I had been wanting to read The Big Short since it was published. I finished it a while back and Michael Lewis’ account of the very few investors who bet against the real estate bubble and won—big—did not disappoint. As you probably know, he follows the stories of a few men, highlighting their quirks and the elements of their personalities that enabled them to take a contrarian view in the midst of a mad market, and, through those stories, tells the story of the subprime mortgage crisis.

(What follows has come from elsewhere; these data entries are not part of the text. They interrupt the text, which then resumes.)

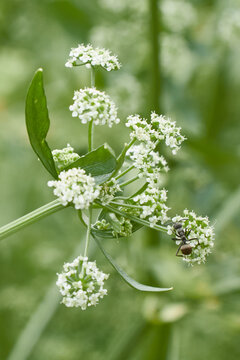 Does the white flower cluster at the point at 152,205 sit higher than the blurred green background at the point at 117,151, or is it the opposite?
the white flower cluster at the point at 152,205

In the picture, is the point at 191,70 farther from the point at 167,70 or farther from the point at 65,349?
the point at 65,349

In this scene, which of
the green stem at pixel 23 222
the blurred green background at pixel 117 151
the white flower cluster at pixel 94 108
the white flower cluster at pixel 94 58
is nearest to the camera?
the green stem at pixel 23 222

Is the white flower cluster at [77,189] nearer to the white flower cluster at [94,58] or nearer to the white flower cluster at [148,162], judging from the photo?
the white flower cluster at [148,162]

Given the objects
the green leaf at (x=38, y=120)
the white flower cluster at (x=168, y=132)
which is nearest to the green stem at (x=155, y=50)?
the white flower cluster at (x=168, y=132)

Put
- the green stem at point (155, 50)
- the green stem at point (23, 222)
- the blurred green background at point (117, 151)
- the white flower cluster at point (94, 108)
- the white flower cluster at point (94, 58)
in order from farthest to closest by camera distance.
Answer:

I think Michael Lewis means it when he expresses a kind of impotent frustration at the number of readers of his first big book, Liar’s Poker, who read it not as a warning, but as a guide to getting rich. I think he’s sincere, too, when on occasion he laments that all of these contrarian investors used their insight for personal gain; none of them became advocates for regulatory reform.

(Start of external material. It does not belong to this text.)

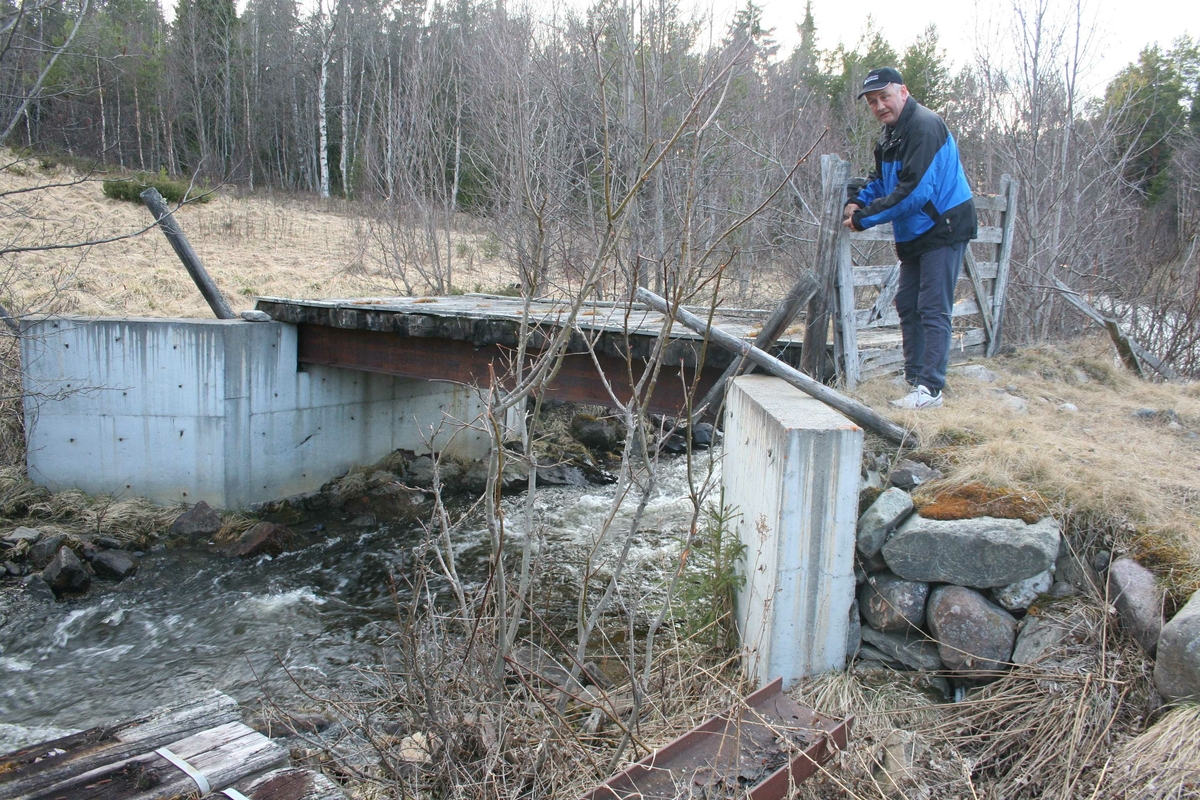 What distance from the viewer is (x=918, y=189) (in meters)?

However, upon reading The Big Short, I wanted nothing more than to figure out how to get rich, too. I didn’t feel moved to write to Senator Menendez to demand stronger regulations on predatory lending; I wondered if I should buy that investment book that one of the guys used to start his own fund. On the one hand, this makes sense. This is America, after all, where, as James Baldwin said, there will never be a strong worker’s movement because there are no workers, only candidates for the hand of the boss’s daughter. That is, we all see ourselves—far too easily—as potential rich people. Furthermore, I’m writing this from Jersey City where Goldman Sachs dominates my skyline and my culture: they buy the trees that beautify the park by our house and their employees use their multi-million-dollar bonuses to scoop up and renovate the brownstones on my block. I, too, would like to own a house one day, and my husband and I, more than once, have thought that, fiscally conservative and middle class as we are, we might be able to benefit somehow from some poor sucker’s inability to make their mortgage payment. Such a sad chance, in fact, might be our best hope to buy a place in this artificially inflated environment.
But what is it about The Big Short that fuels my interest in making money while increasing my sense of impotent despair about the possibility of real financial reform?
I think it’s endemic to the topic and the structure of the book. Lewis tells a story about outlaw heroes, but these men—they are all men, though a few interesting women play bit parts as whistleblowers—are all disaffected insiders. When we do hear about a victim, the story is abbreviated and stereotyped: there is a Mexican strawberry picker with an $800K mortgage, a Vegas stripper who’s flipping multiple homes, and the Jamaican night nurse of one of the bankers who owns multiple houses in Queens. The class, race, and sex-snobbery is not subtle: Lewis makes clear that he feels for these people, but that they are not fit to play with the big boys.
Can’t you just hear the condescension at the Princeton Club?
“Whitley, have you read Mike’s new book? It’s really too much! Do you know that those brokers actually wrote an $800K mortgage for a Mexican strawberry picker?”
“But Sterling, the one that was really over the top was the stripper who was flipping houses on the side!”
“The flipping stripper!”
“I liked the Chinese guy—the one who went to Babson—who thought he was making a killing--”
“Hilarious! That was a great scene—with the Brooklyn guy double-dipping his edamame. Hey, where is Babson again, anyway?”
“Isn’t it in Wellesley?”
“I dated a girl from Wellesley sophomore year. She got to be VP at AIG. Wonder what happened to her….”
Ugh.
A better book, I think, would tell the story at every level: showcasing the stupidity, gullibility, corruption, unmerited optimism all up and down the chain: of the immigrant, the branch officer, that officer’s manager, all the way on up to Tim Geithner and Alan Greenspan. That book might get us storming the barricades.